Analyzing your own trading performance is a crucial part of becoming a successful Forex trader.
The metrics used to quantify your performance are relatively straightforward and using them to express results should help you appraise your performance with greater objectivity. They also offer the opportunity for your strategy to be improved; you wouldn’t be the first trader to have studied the hard facts relating to performance reports and benefited from learning that something that they thought was the case, actually isn’t.
It’s worth highlighting that measuring your performance is important during the testing stage, prior to live trading, and also once live trading has begun. For one thing, lessons can continue to be learnt post-trade. In addition, it’s likely that differences may exist between pre-trade and post-trade environments that only show themselves once live trading has begun. This of course means that when moving from Demo account trading to ‘Live Trading’ you must ensure you allocate the minimum capital possible.
Some of the most useful metrics are detailed below. They offer their own form of insight and part of the skill of the trader is to learn how and when to apply them. Note that they are often best used in conjunction with each other:
Number of Winning trades / Number of trades
Number of Loss making trades / Number of trades
Useful but basic, it does not account for the cash amounts associated with winning and losing but is useful if it acts as a reminder that if cash amounts are indeed equal then a trader that wins 51 times out of 100 will be successful.

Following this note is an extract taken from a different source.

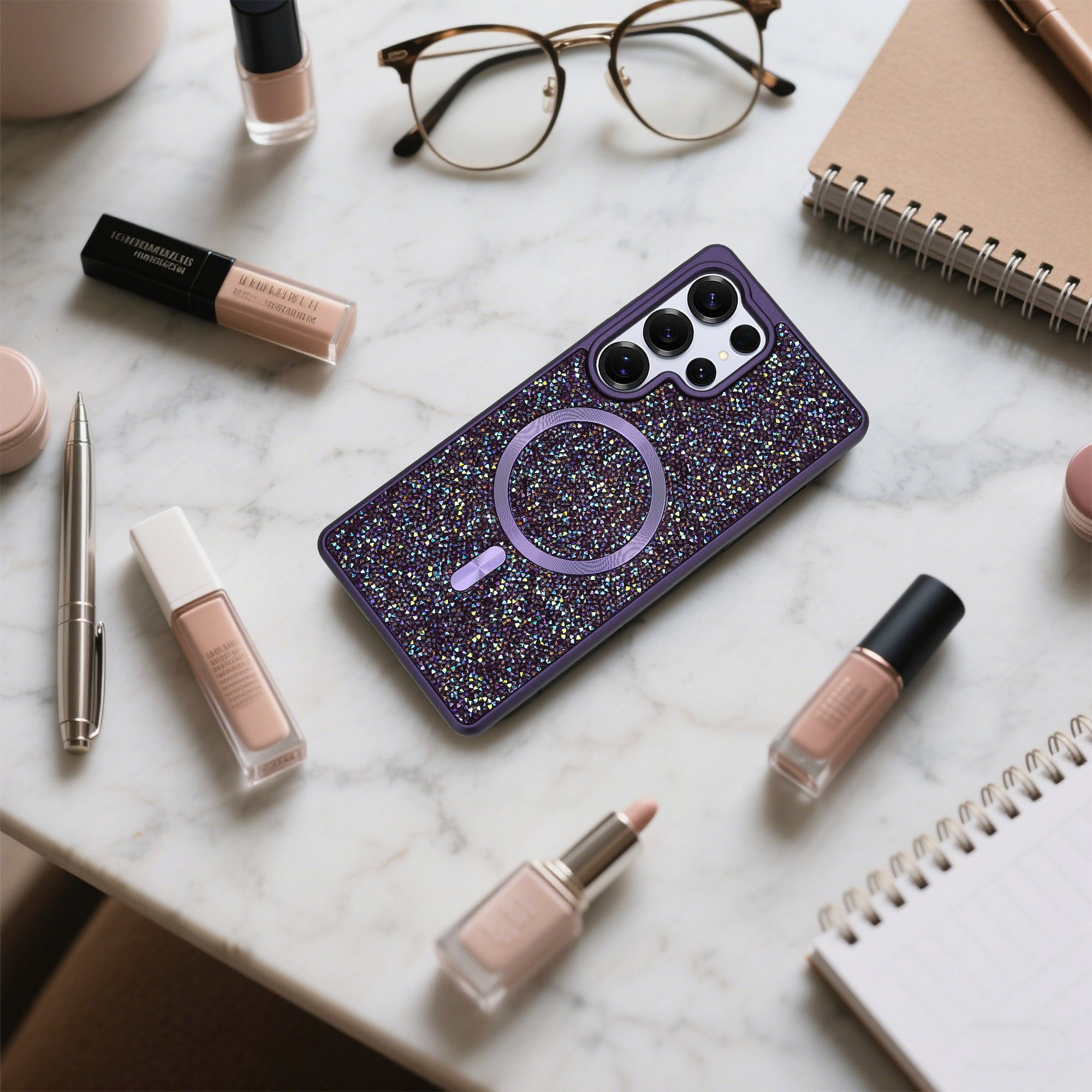 Cadorabo Handyhülle Samsung Galaxy S24 ULTRA, Hülle Schutzhülle Case Cover kompatibel mit Magsafe Diamant Glitzer – Bild 5 von 5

You should also be able to establish that adjusting the time period of the study can influence the returns. A strategy that has stellar performance on one day may be loss making over a longer time period.
Total profit on Winning trades / Number of winning trades
Total Losses on Losing trades / Number of losing trades
This develops understanding by bringing in cash values.
It keeps honest those strategies that record small profits on wins but substantial losses when they do occasionally occur.
Take Profit Ratio (TPR)
Average $ Win / Average $ Loss
Total $ profit / Total $ loss
>1 = a profitable strategy
Expectancy = (Win rate x AverageWin) / (Loss rate x AverageLoss)
>1 = a profitable strategy, should the number of trades you put on bring about ‘normal distribution’.
These metrics can help you develop, test and appraise a trading strategy. Moving on from the testing phase it is important to combine your strategy into a trading plan. This will include consideration of risk and money management rules, and for example, whether certain times of the trading day show optimal returns. The plan, which will involve aspects of trading discipline, should be treated as of equal importance to the strategy itself.